Synthesis and optical properties of Eu3+-doped inorganic–organic hybrid materials based on siloxane networks

Abstract

Transparent polydimethylsiloxane–metal oxide (PDMS–M_xO_y) hybrid materials have been studied as host matrices of Eu³⁺ ions for their application as optical devices. The versatility of these nanocomposites and the different nature of the metal–oxo domains allow the modulation of the emitting ion coordination and, therefore, of its luminescent response. The optical characterization of Eu³⁺-doped PDMS–metal oxide hybrid materials (where the metal, M = Al(III), Ge(IV), Sn(IV), Ti(IV), Zr(IV), Nb(V) and Ta(V)) is reported.
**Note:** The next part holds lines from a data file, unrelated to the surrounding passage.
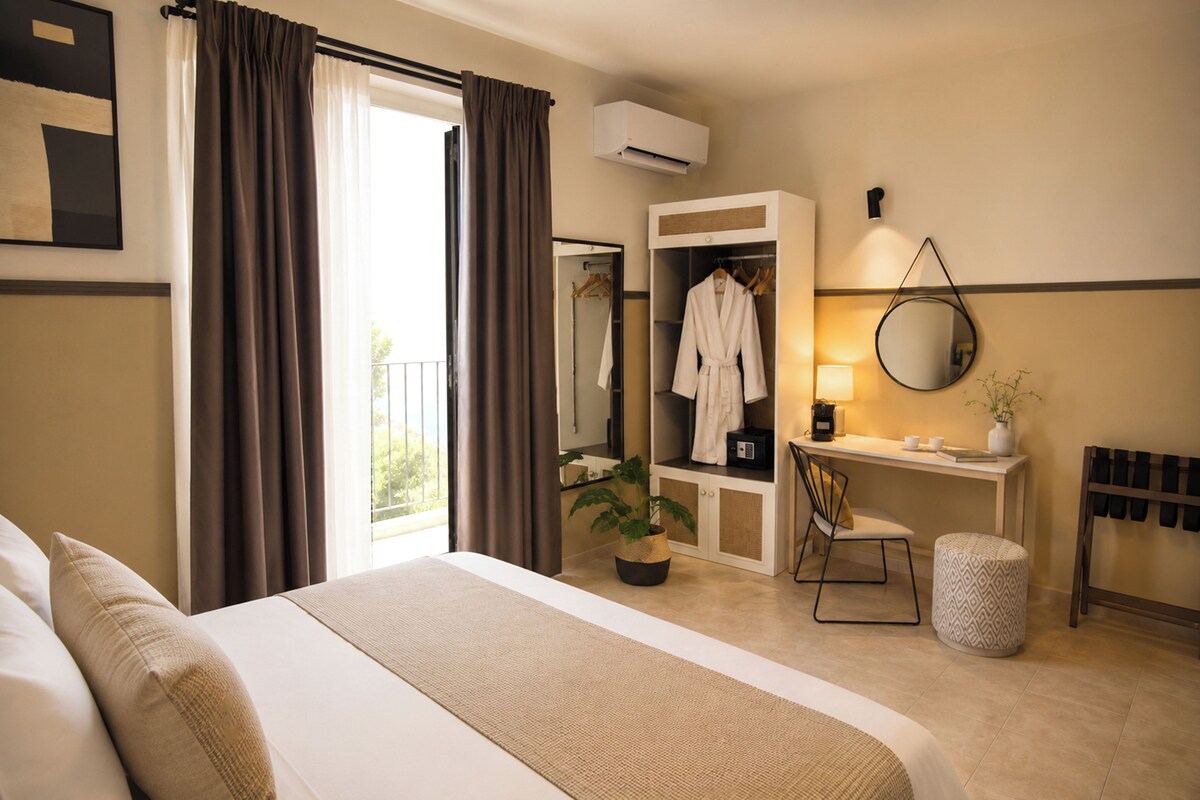 A hotel room with a bed, a desk with a mirror, a robe, and a potted plant.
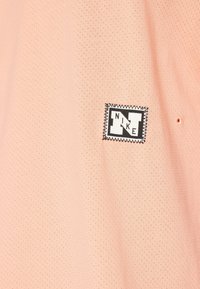 Light pink mesh polo shirt featuring a stitched black and white Nike logo patch with geometric design elements.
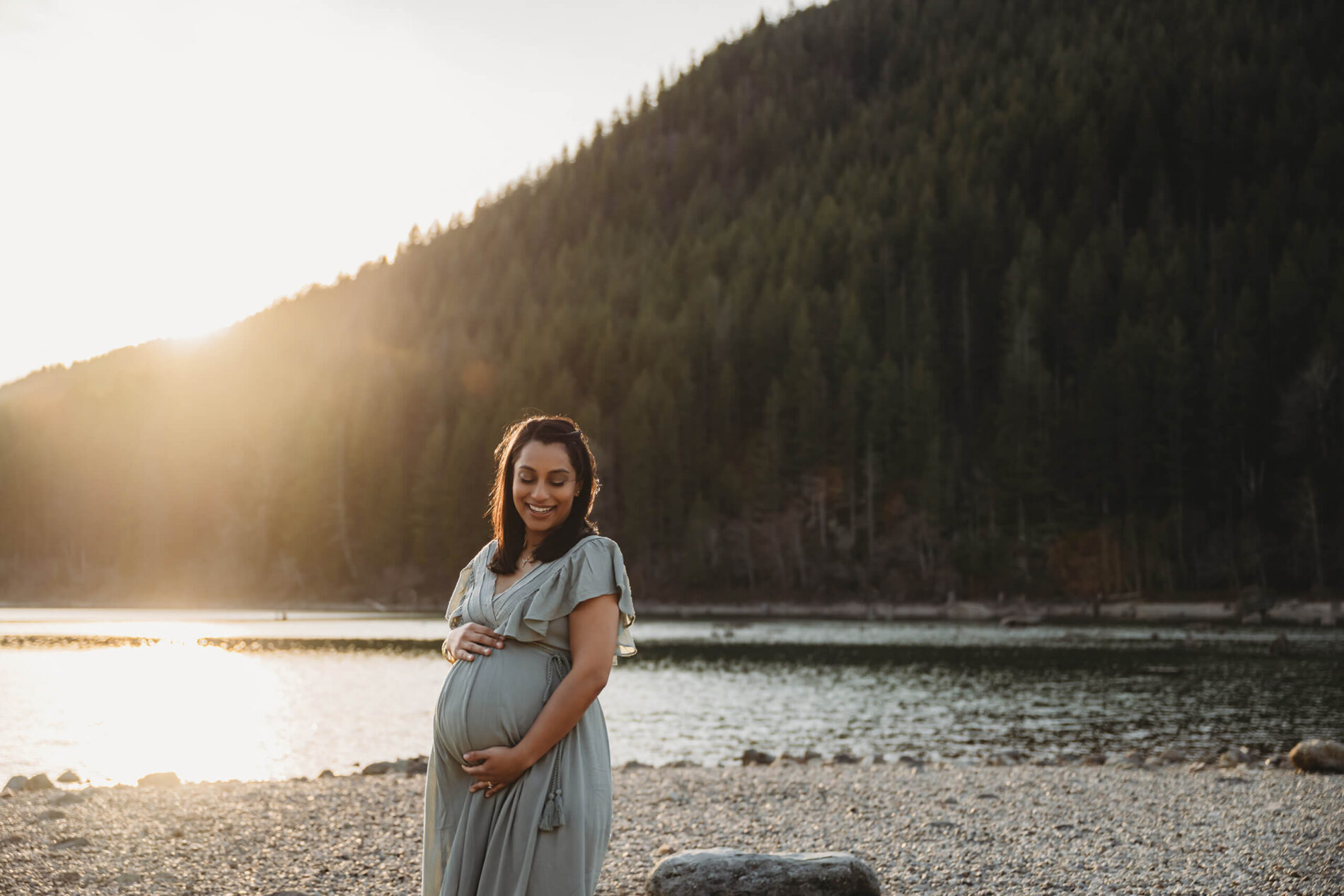 Young smiling woman during a winter maternity photo shoot with lake and mountain in the background during sunset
UV-Vis absorption, excitation and emission spectra, lifetime-resolved measurements, selective excitation experiments and the effect on the optical properties of a post-curing of the doped-nanocomposites are discussed. From the optical results and taking into account the structure of the nanocomposites, the capability of the matrices for encapsulating and dispersing the rare earth ions is analyzed. In this sense, the matrix which contains Ta(V) as cross-linking metal allows the dispersion of the emitting ion in a very effective way, and consequently, its luminescence is highly enhanced (long lifetime value and high emission intensity), even before heat treatment.